Big shoe plans for Big Apple purchase

Sep 30, 2022 11:25AM ● By Bryan Gray

Some of you invest in stocks and bonds, precious metals, or real estate. Others soak money into rare coins and collectibles or Bitcoin. Porter, a 20-year old Utahn, invests his money in his passion:  Shoes.

He’s not the first or only. Some 10 years ago, I wrote about a work colleague whose wife admonished him to clean out his closet. He sold the worn – and somewhat almost destroyed – Air Jordan shoes for $5,000. Since then, the market for sneakers has ramped up even more.

Porter bought his first limited edition sneakers in 2019. He paid $175 for Michael Jordan Retro High-Tops – and sold them soon after for $700, a 400% profit. He was hooked!  

His favorite shoe, a numbered Jordan 1 Low-Top, was initially limited to 4,250 pairs.  The shoe, a collaboration with Christian Dior, drew five million interested buyers willing to pay $2,000 for the rights to buy a pair.  Porter was one of the lucky 4,250 and sold the shoe within a few days for $5,000. (“I could have got $10,000 for the shoe moments after buying it in Las Vegas,” he said, “but I wanted to look at them for a while.”) Today the shoes he sold for $5,000 are worth $6,000.

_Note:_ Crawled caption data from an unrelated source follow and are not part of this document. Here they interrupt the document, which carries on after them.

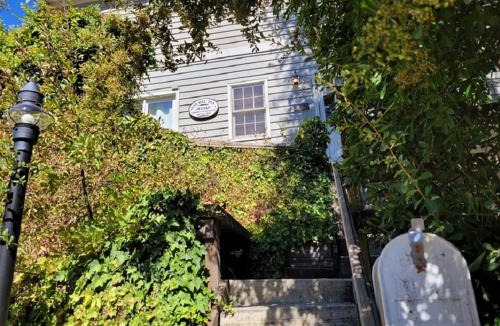 Julian Hotel | Oak Hill Inn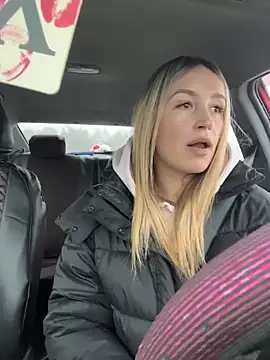 Snapshot of StasyWood chatting on 03/27/26, 01:11 StasyWood online show from 03/27/26, 01:11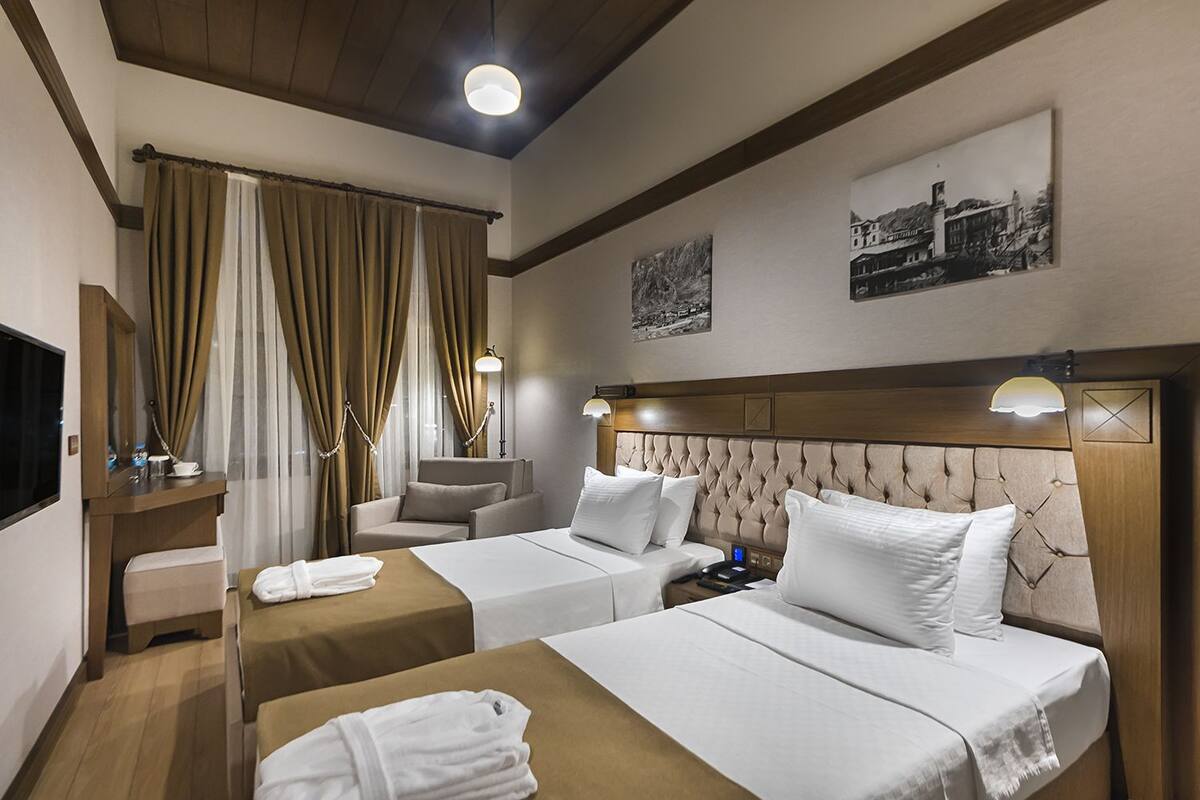 Chambre Deluxe, vue sur le fleuve | Minibar contenant certains articles gratuits, coffre-fort, bureau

Over the years, Porter has sold some of his collection to make a sizable down payment on a car and to buy more shoes. His current collection includes some 35 pairs, mostly Nike or Jordan varieties.

And last week he got an alert.  An estimated 25 million people had entered a lottery to be the first to purchase a limited set of 500 Nike Air Force 1 Low-Tops.  (The following day an additional final set of 16,000 would be offered.). To his amazement, Porter was one of the 500 to win the jackpot of shoes.  The shoe itself was only $160 – but he would have to be at a specific Nike store in New York City two days after the notification.

He had never been to New York before. With the encouragement of co-workers, he paid $700 for a red-eye flight from Salt Lake to Manhattan, was the second in line at the Nike store, bought the shoes at 11 a.m., spent several hours visiting Wall Street, the 9-11 site, the Empire State Building, and Times Square – and then stepped on a subway to return to JFK for a 6 p.m. flight back to Utah. By 11 p.m. he was back at his home, carrying a precious box of green shoes and legs which had tromped 22,000 steps, over 10 miles, scurrying around the Big Apple. 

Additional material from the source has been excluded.